Our guide, Lafo (call him Max he said), explained the bats were all unfortunately across on the far side of the crater due to frequent visitors. We could see a lot of small, black, flying objects flitting among the trees but they were so far away. Click on following photo to enlarge.
Cute face of flying fox bat circled in red
Upon our return from the steep crater walk, Max shimmied up a coconut tree, tossed down several, and then removed the husks with a tree twig that he whittled to a sharp point - passing them around for us to quench our thirst with the delectable liquid.

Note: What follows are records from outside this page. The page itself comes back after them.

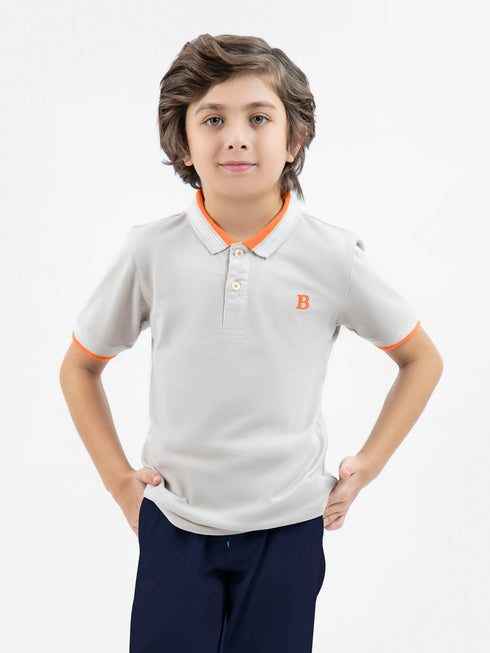 Beige Pique Polo With Orange Collar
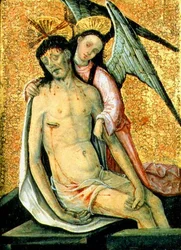 Der tote Christus von einem Engel gestützt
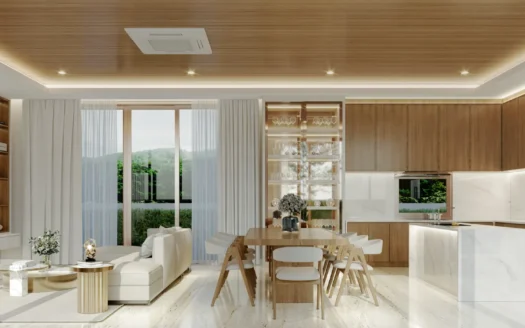 Гостиная с мраморной стеной, встроенным телевизором и белыми сиденьями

Our guide Max with first taste
We saw 3 different waterfalls yesterday and went to 1 more today - Fuipisia Waterfall, 55 metres of cascading water in the jungle. We could see the falls as they crashed into the vast gorge...
...and then we walked the short trail for a closer look. Jordan and I sat at the edge and peered way down below.

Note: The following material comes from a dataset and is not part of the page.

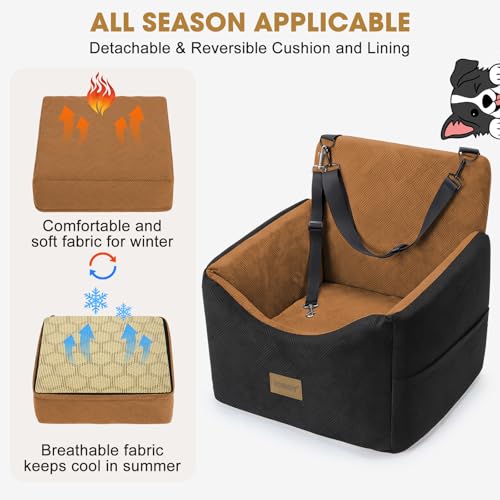 Dog Car Seats for Small Medium Dogs Under 35lbs (Brown / Small/Medium)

One person got a little too close, losing a thong, but no one was brave enough to grab it as it tumbled over the edge!
Heading back towards Apia and everyone's sailboats, our next experience was the Papase'ea Sliding Rocks. Here, you walk down about 150 stairs to where the sliding rocks are. Then you sit at the top of the rocks where water cascades over them and you slide down 5 metres or so into a deep freshwater pool. If you dare.
I was scared-stupid and it took me awhile before I worked up the nerve to propel myself down. Jordan was down below in the water with the video camera, trying to encourage me. When I finally did it, it was a riot!
Nearby was another slide where you would fly off the end of the rocks and land in the water below. Here is Jordan landing in the water after soaring off the rock edge...
Good idea to get safety advice from the regulars if you plan to come here.
To finish off the day, we all met at an ice cream shop across from the marina and watched an excellent performance of local Fire and Sword Dancers, both experienced and new trainees.